Despite the fact that the typical enterprise user typically employs multiple devices, exchanging information from many locations and using application data across hybrid cloud infrastructures, the network security management of most organisations still struggles to accomplish secure unified access without leaving a morass of duplicated and often contradictory policies in their wake.
According to Fortinet, a high-performance network security provider, the escalating number and complexity of security rules and policies accumulated by organisations over time is leaving many unable to respond effectively to the changing threat landscape.
“Rules are constantly added to security devices, but seldom removed, and this complexity is spiralling out of control,” said Vishak Raman, Senior Regional Director SAARC, Fortinet.

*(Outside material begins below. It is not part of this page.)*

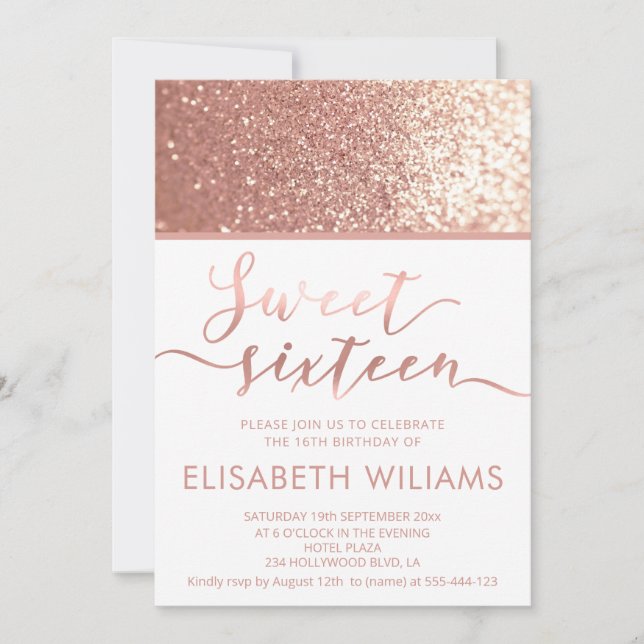 Glitzer Rose Gold minimalistische Chic Kalligraphi Einladung (Vorderseite)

“Administrators find it increasingly challenging to understand the security they are implementing and are under impossible time pressures to troubleshoot new problems. The risk is that security holes open up amid the chaos. The answer to complexity is not more complexity,” added Raman.
The following are Fortinet’s top five tips for minimising ‘policy accumulation’.
1. Drive Application Awareness. The process of simplifying security policies is challenged by the introduction of application-aware security; a key tenet of next-generation firewall technology. Critical, however, is the ability to attach this to individual user-IDs in one place, and enforce it throughout the network and across network security functions.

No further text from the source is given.